## WHAT NEEDS TO BE DONE
Copy the complete listing word for word, but do not carry over any images.

[[ SOURCE MATERIAL, beginning ]]

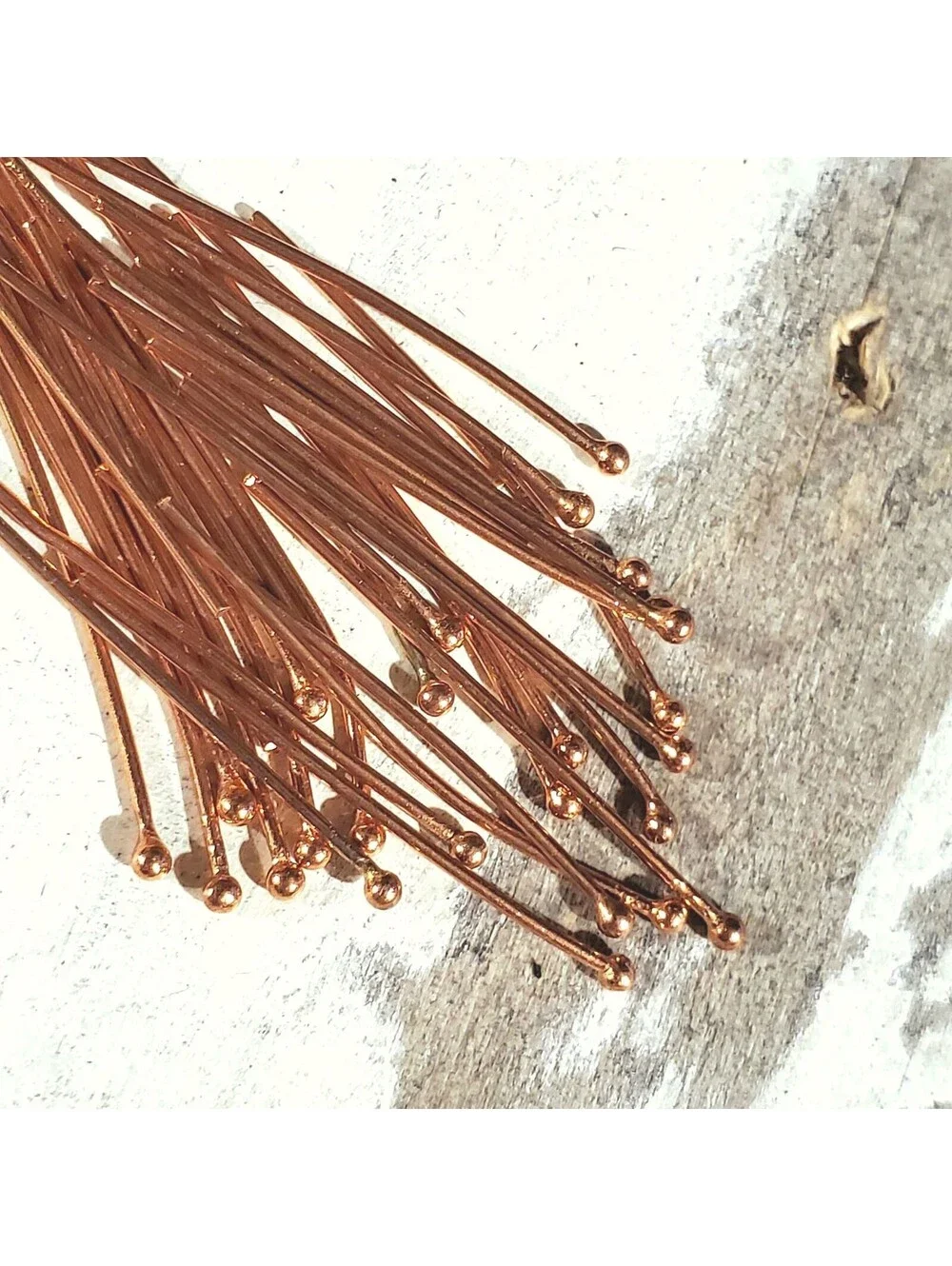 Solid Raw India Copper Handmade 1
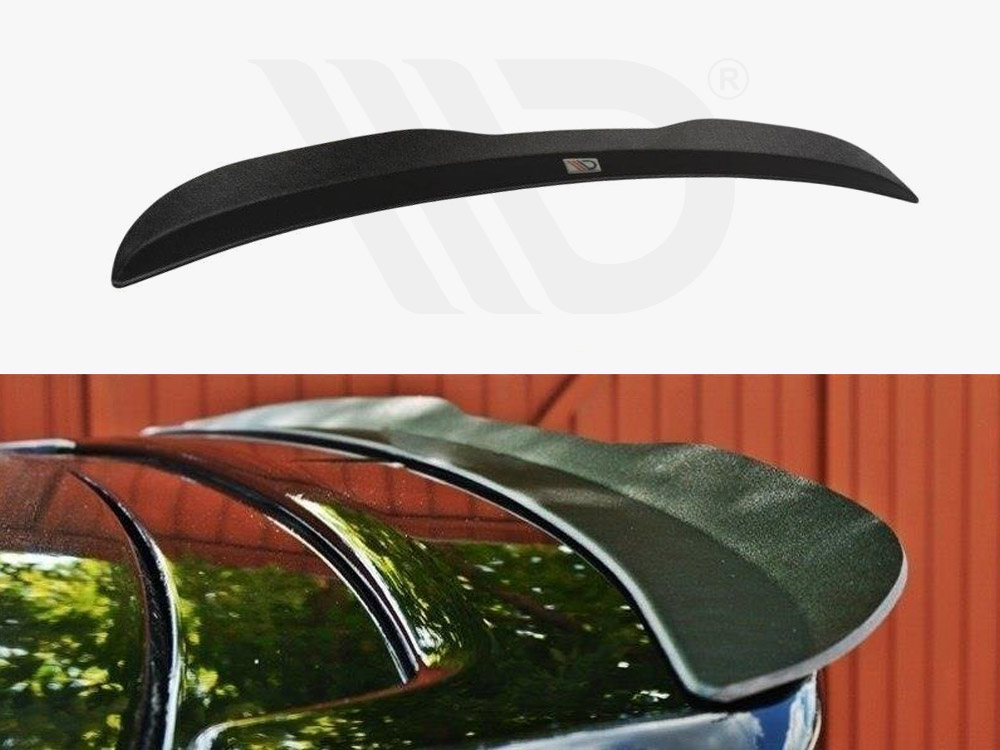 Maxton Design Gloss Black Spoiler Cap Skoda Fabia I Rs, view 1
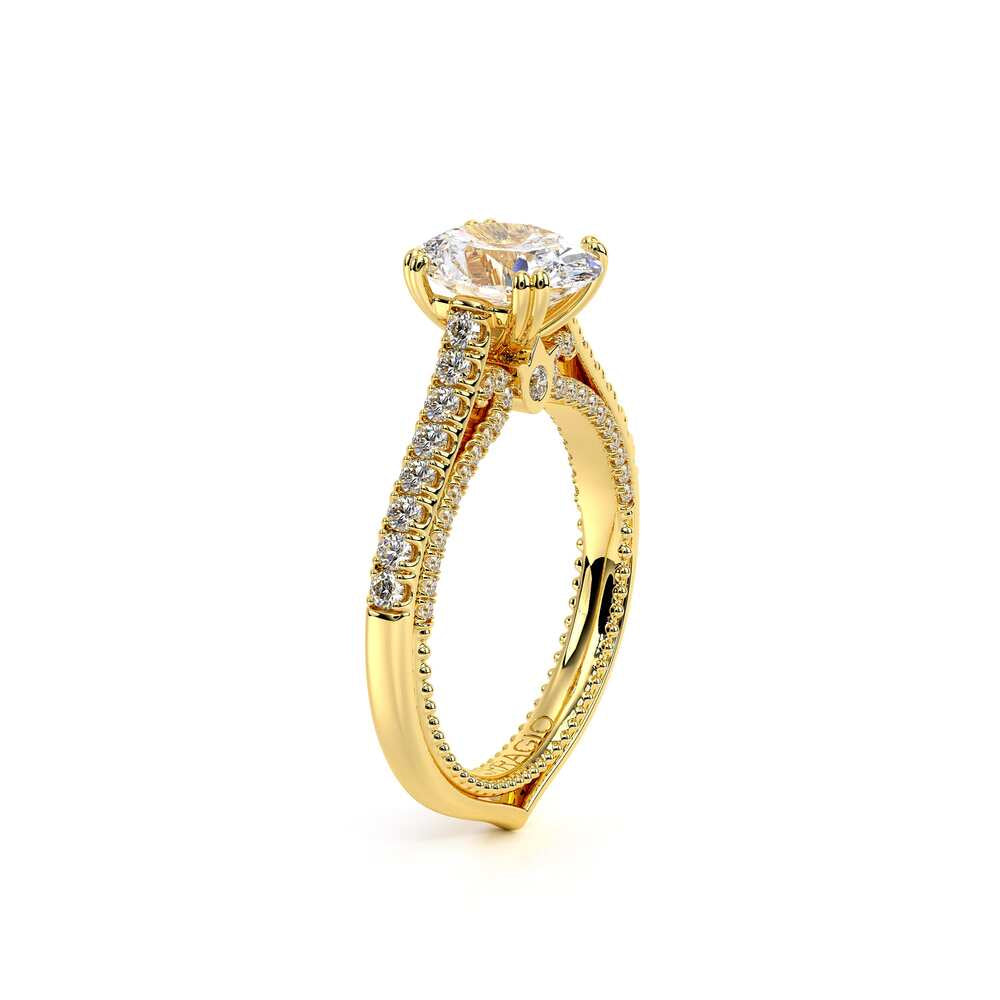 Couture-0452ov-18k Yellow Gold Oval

[[ SOURCE MATERIAL, end ]]

## ANSWER BELOW
 Solid Raw India Copper Handmade 1
 Maxton Design Gloss Black Spoiler Cap Skoda Fabia I Rs, view 1
 Couture-0452ov-18k Yellow Gold Oval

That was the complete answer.